Short descriptive text snippets:
+++++
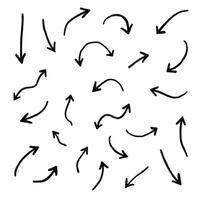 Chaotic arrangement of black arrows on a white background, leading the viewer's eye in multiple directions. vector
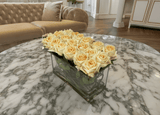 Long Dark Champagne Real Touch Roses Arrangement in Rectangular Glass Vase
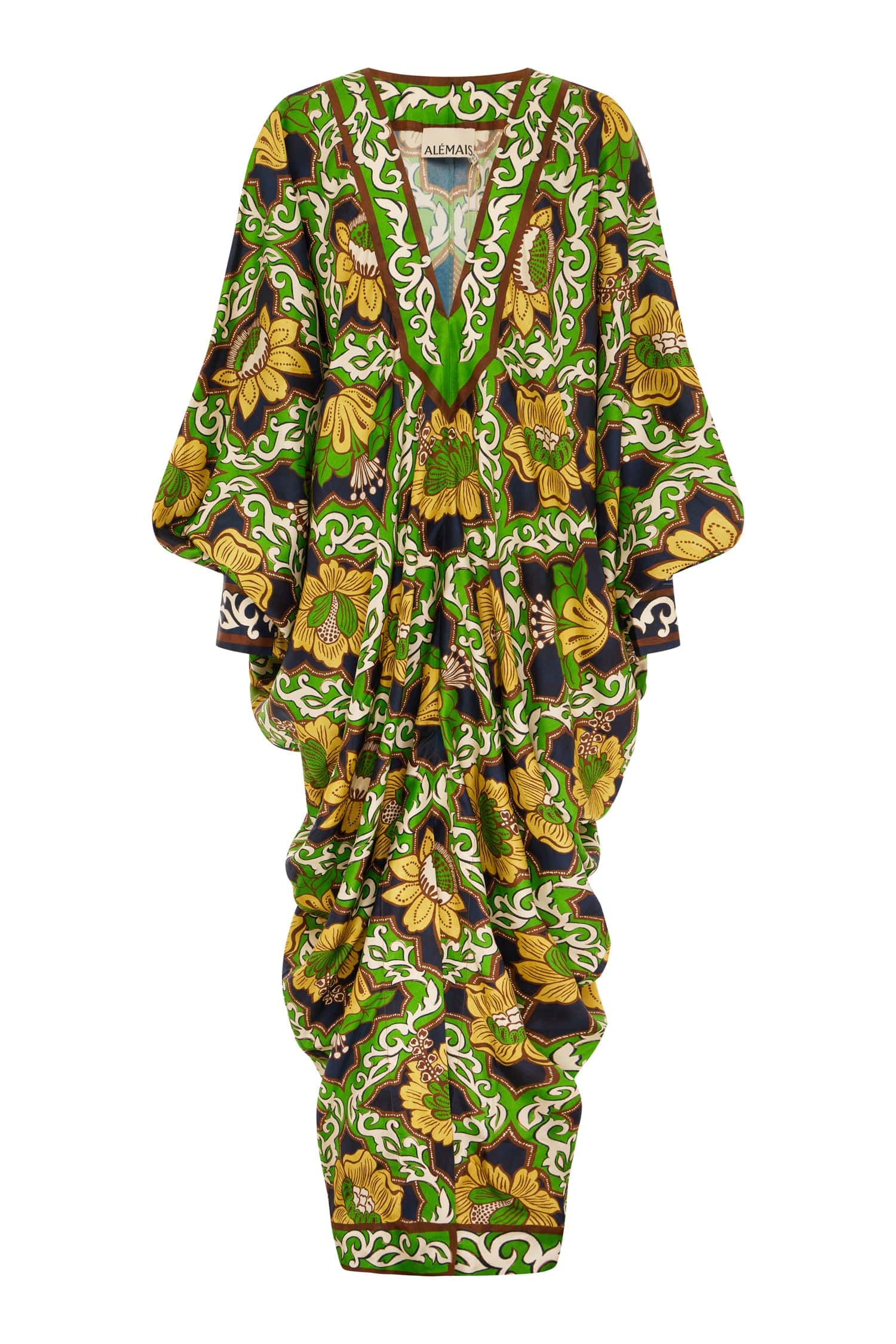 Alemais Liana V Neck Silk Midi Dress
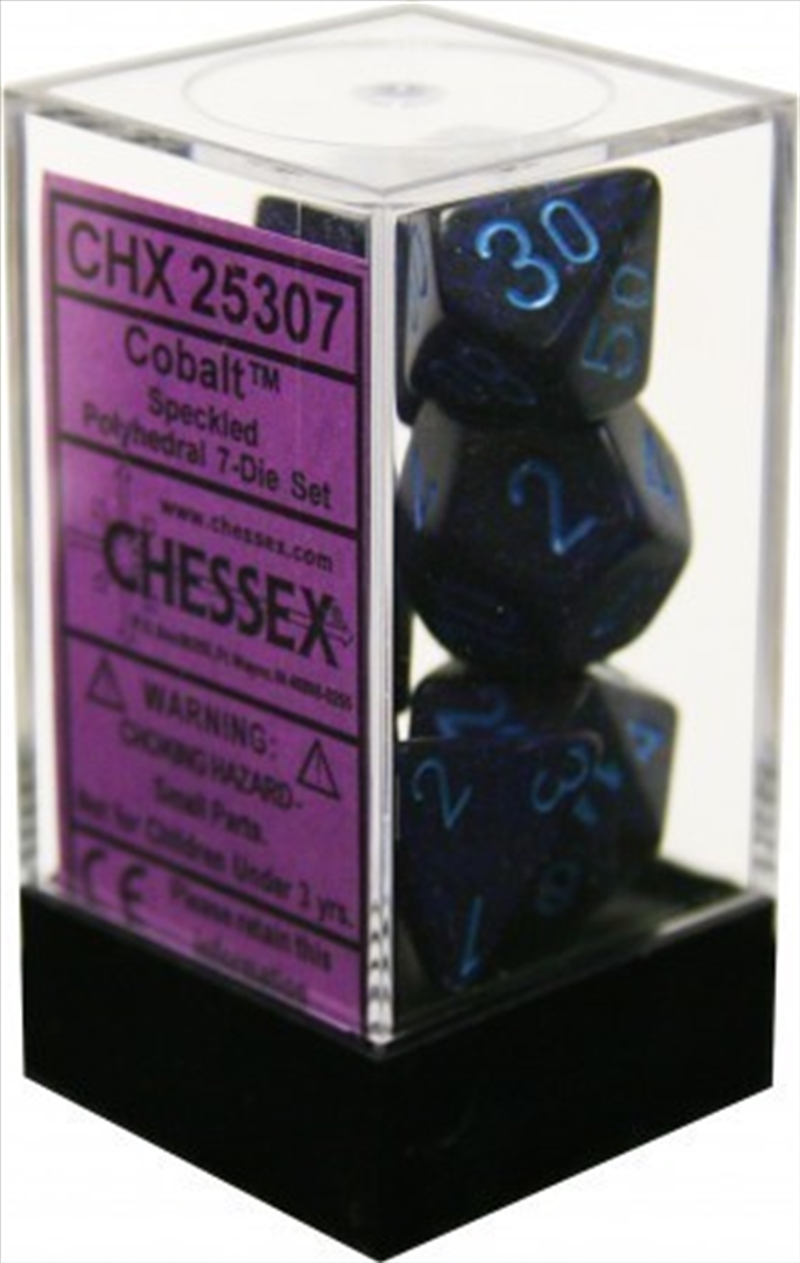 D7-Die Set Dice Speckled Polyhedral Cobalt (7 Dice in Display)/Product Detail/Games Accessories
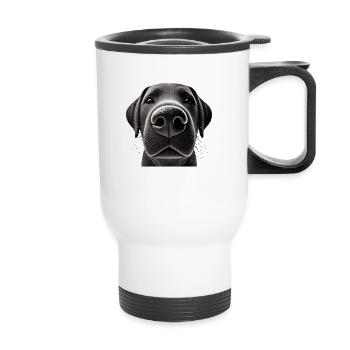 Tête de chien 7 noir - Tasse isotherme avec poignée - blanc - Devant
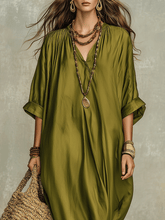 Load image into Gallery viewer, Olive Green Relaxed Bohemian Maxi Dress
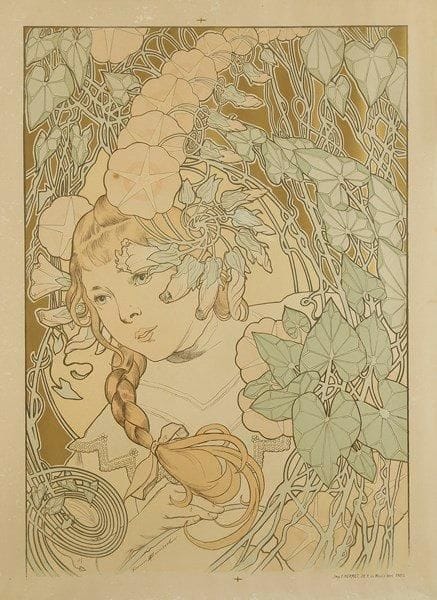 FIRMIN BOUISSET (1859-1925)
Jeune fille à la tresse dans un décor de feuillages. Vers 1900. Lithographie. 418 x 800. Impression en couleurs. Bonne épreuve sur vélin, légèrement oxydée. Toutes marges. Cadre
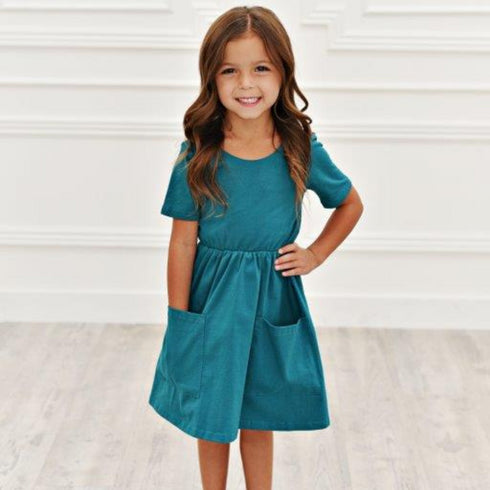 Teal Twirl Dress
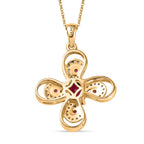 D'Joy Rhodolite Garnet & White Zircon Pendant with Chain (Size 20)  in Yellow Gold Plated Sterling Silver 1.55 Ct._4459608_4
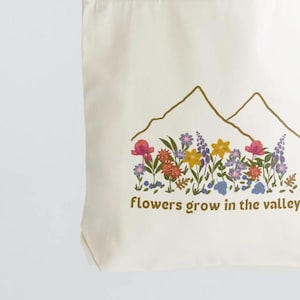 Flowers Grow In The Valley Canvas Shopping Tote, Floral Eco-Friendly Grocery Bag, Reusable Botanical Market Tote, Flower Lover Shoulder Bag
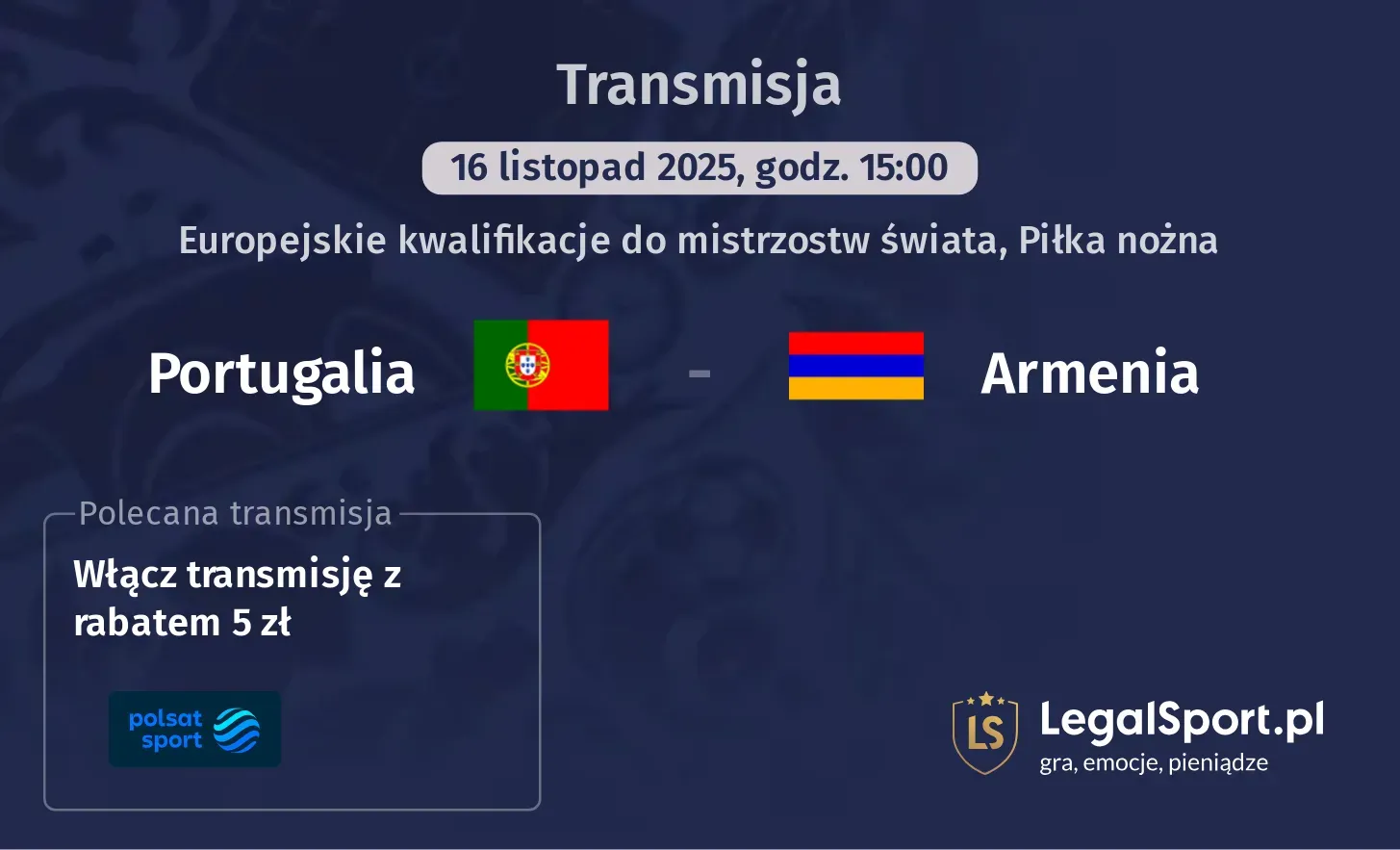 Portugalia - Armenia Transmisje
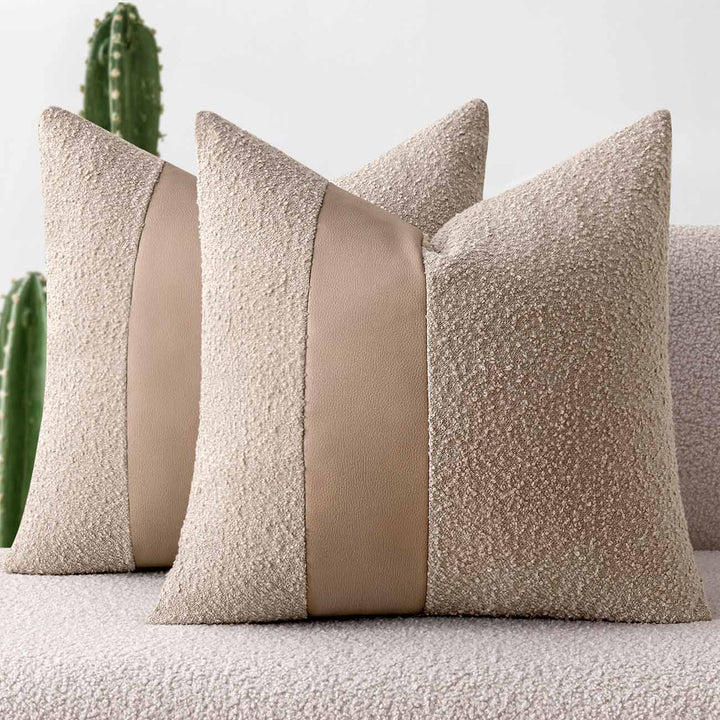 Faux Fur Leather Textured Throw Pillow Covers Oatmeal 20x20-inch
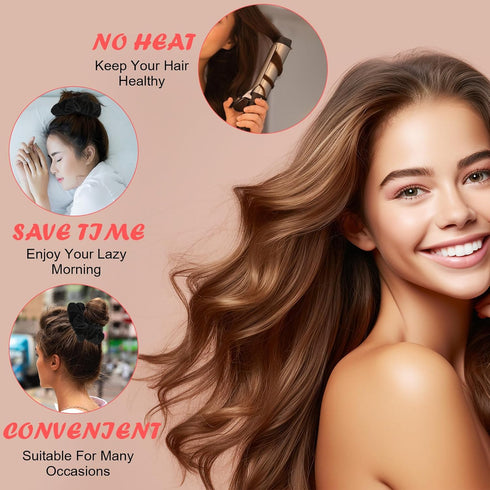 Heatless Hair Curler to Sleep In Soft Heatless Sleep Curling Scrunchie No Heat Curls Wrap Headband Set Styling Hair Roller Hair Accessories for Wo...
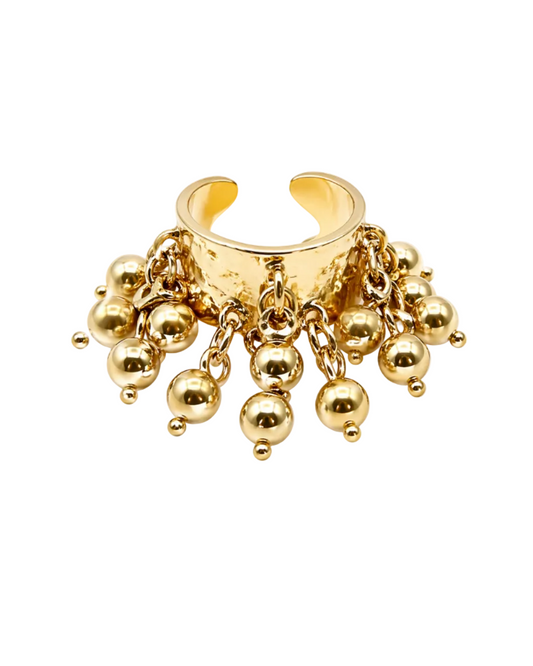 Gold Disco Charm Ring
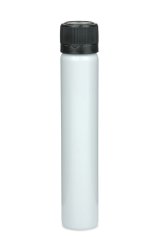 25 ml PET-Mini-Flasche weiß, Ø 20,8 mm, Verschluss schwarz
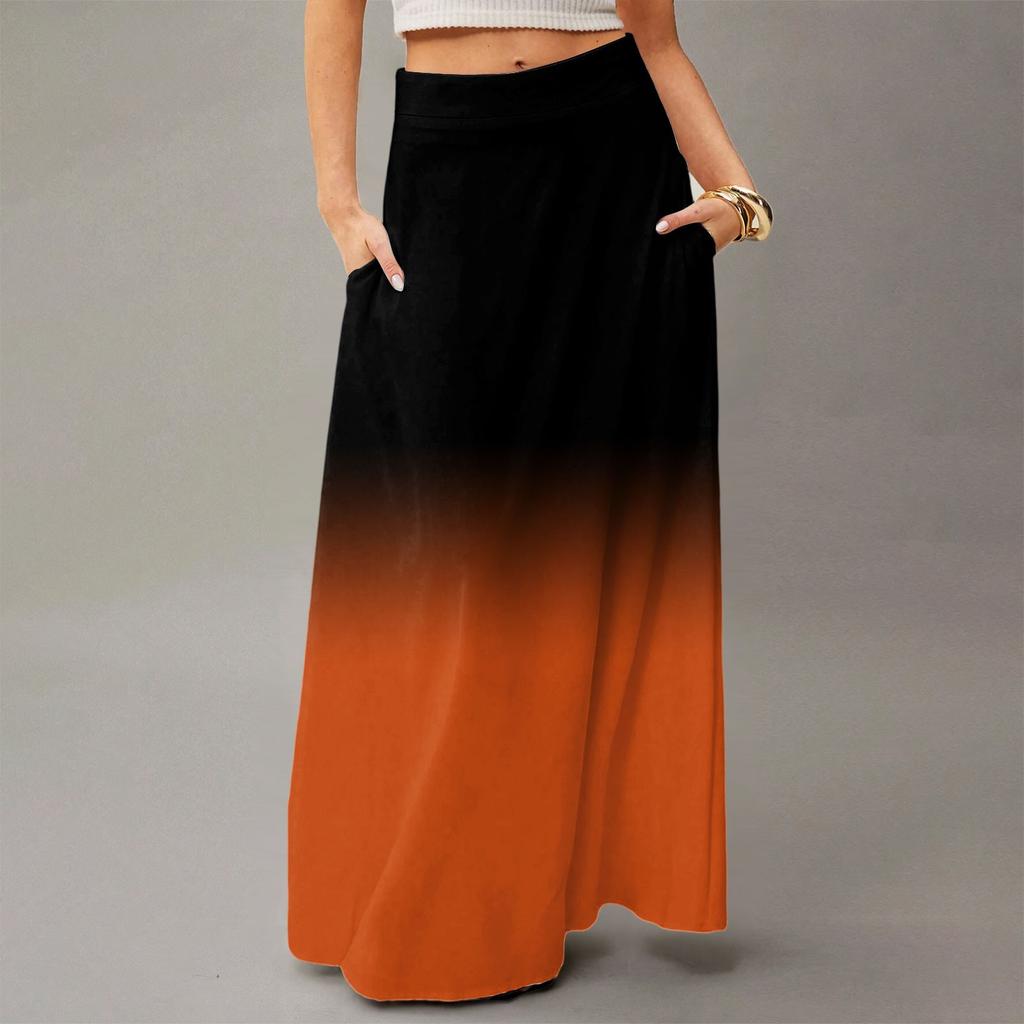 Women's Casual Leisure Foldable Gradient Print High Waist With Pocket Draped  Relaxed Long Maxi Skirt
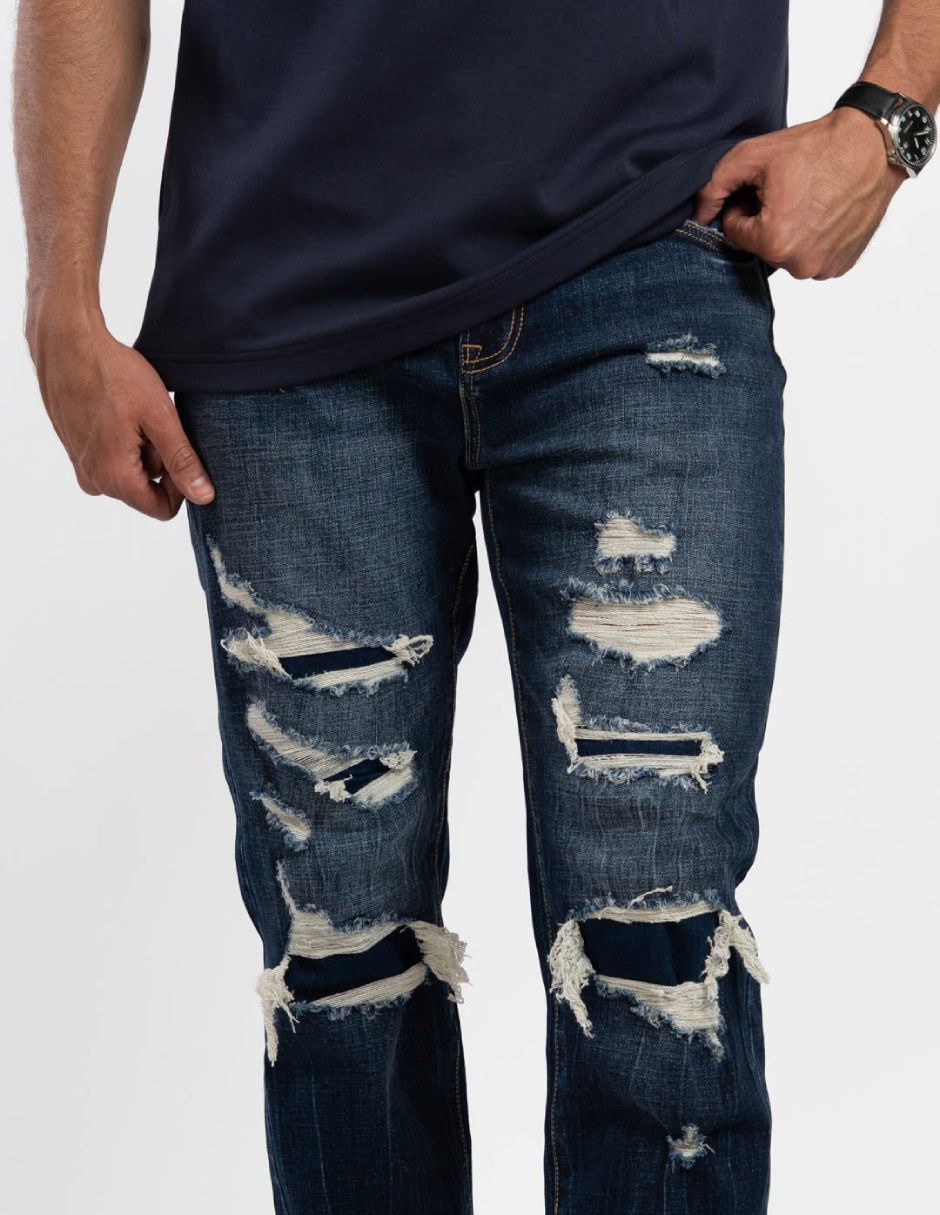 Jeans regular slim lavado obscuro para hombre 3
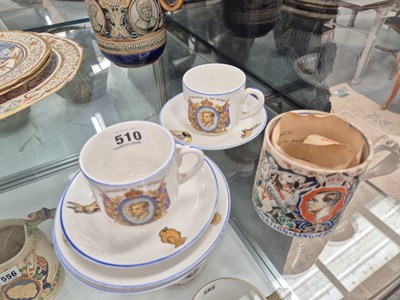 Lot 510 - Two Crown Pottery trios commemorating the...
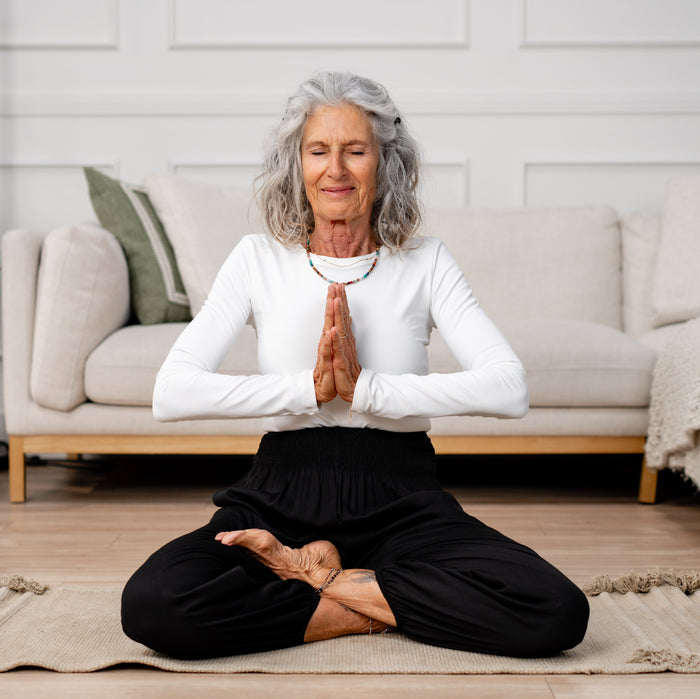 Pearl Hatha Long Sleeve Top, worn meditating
+++++
INSTRUCTIONS FOR THE TASK – Word for word, set down every line of the records above, and leave the pictures out.

RESULT OF THIS TASK –
 Chaotic arrangement of black arrows on a white background, leading the viewer's eye in multiple directions. vector
 Long Dark Champagne Real Touch Roses Arrangement in Rectangular Glass Vase
 Alemais Liana V Neck Silk Midi Dress
 D7-Die Set Dice Speckled Polyhedral Cobalt (7 Dice in Display)/Product Detail/Games Accessories
 Tête de chien 7 noir - Tasse isotherme avec poignée - blanc - Devant
 Load image into Gallery viewer, Olive Green Relaxed Bohemian Maxi Dress
 FIRMIN BOUISSET (1859-1925)
Jeune fille à la tresse dans un décor de feuillages. Vers 1900. Lithographie. 418 x 800. Impression en couleurs. Bonne épreuve sur vélin, légèrement oxydée. Toutes marges. Cadre
 Teal Twirl Dress
 D'Joy Rhodolite Garnet & White Zircon Pendant with Chain (Size 20)  in Yellow Gold Plated Sterling Silver 1.55 Ct._4459608_4
 Flowers Grow In The Valley Canvas Shopping Tote, Floral Eco-Friendly Grocery Bag, Reusable Botanical Market Tote, Flower Lover Shoulder Bag
 Portugalia - Armenia Transmisje
 Faux Fur Leather Textured Throw Pillow Covers Oatmeal 20x20-inch
 Heatless Hair Curler to Sleep In Soft Heatless Sleep Curling Scrunchie No Heat Curls Wrap Headband Set Styling Hair Roller Hair Accessories for Wo...
 Gold Disco Charm Ring
 25 ml PET-Mini-Flasche weiß, Ø 20,8 mm, Verschluss schwarz
 Women's Casual Leisure Foldable Gradient Print High Waist With Pocket Draped  Relaxed Long Maxi Skirt
 Jeans regular slim lavado obscuro para hombre 3
 Lot 510 - Two Crown Pottery trios commemorating the...
 Pearl Hatha Long Sleeve Top, worn meditating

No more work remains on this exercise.